◆ ABOUT THIS TASK: Within the data that follows, set down exactly the lines from the one containing "2006 MERCURY Montego" through the one containing "siddhant chaturvedi mrunal", both ends included.

◆ SUPPLIED RECORDS:
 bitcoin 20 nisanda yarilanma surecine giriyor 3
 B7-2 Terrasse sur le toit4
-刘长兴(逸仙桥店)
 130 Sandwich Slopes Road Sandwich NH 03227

...

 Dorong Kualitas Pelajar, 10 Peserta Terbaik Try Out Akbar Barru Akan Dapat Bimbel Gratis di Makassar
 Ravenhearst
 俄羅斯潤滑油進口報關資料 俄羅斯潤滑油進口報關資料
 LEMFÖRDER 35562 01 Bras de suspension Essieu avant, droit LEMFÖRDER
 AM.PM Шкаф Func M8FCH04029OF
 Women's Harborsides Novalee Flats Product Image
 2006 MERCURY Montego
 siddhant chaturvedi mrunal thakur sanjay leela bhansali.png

...

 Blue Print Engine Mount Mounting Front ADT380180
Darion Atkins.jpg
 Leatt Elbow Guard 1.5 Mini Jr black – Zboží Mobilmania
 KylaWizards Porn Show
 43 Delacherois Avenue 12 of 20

◆ TASK OUTPUT:
 2006 MERCURY Montego
 siddhant chaturvedi mrunal thakur sanjay leela bhansali.png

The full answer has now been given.